Seems fishy to me, honestly.
Do not know how your coils took physical damage either, because it's sort of just not possible. If that card was not touched by you, then either whoever [put it in when upgrading did it, or it came stock like that which would mean its a defect. and because I doubt it came stock like that or you put it in there and somehow damaged it long ago, and the fact the serial is ripped off, i am suggesting someone is replacing your "Alive" card with a dead one. If someone were to touch my seriel numbers, thats the first thought I'd have. Why would it get removed, and even show signs of being ripped off ? the heatsink doesn't even touch there, the laptop doesn;t make contact with it there, there's no reason, honestly. All it can do it help you RMA it or get warranty and identify the card. Since ALL of those apply to this card currently, there is even less chance you'd touch it.

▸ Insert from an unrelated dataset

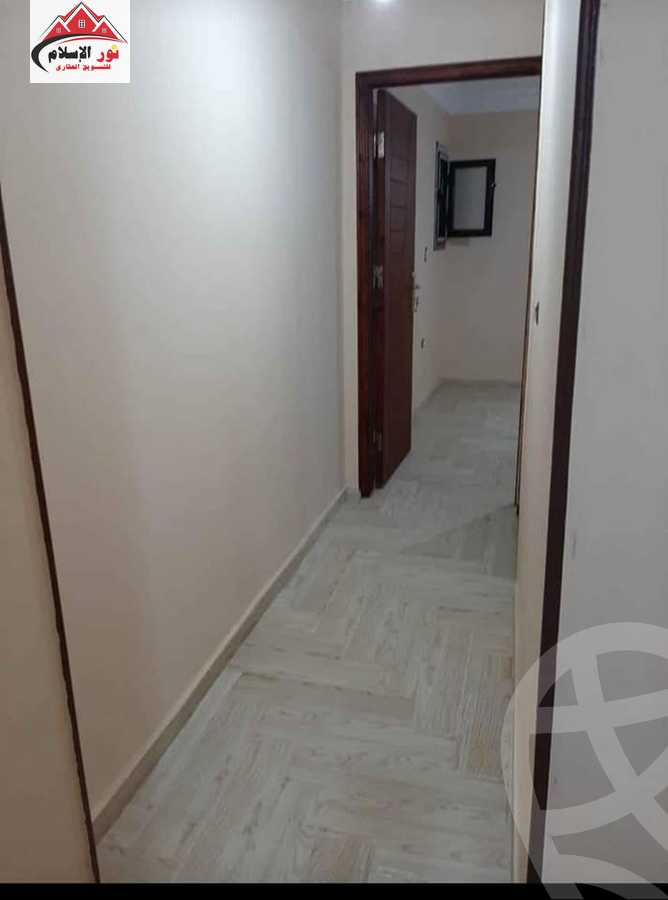 https://aqarmap.com.eg/ar/listing/6093368-for-rent-cairo-el-haram-el-maryotya-al-amira-fadia-st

Unless I'm missing something here or just Call me paranoid. Thats my thoughts. I think the RAM was resoldered on, or some sort of oil from a broken components, or foul play because the seriel is missing. DO not know what caused your cards death, it's not plausible that - that oil or damage was there on a new card installed by your seller if it was new, so no idea's.
Last edited by a moderator: Nov 12, 2017Dr. AMK likes this. -
idk about the serial number tbh.woodzstack likes this. -
woodzstack Alezka Computers , Official Clevo reseller.
-
-
Given the amount of oil covered on the R22 coils + VRAM chips, it has got to be from the thermal pads. Even Fujipoly themselves admitted here in the Warranty Statement that silicone oil can leach from their products. I spent some time looking at the components up close, and I couldn't find any trace of something big enough that would potentially hold/leach that much liquid.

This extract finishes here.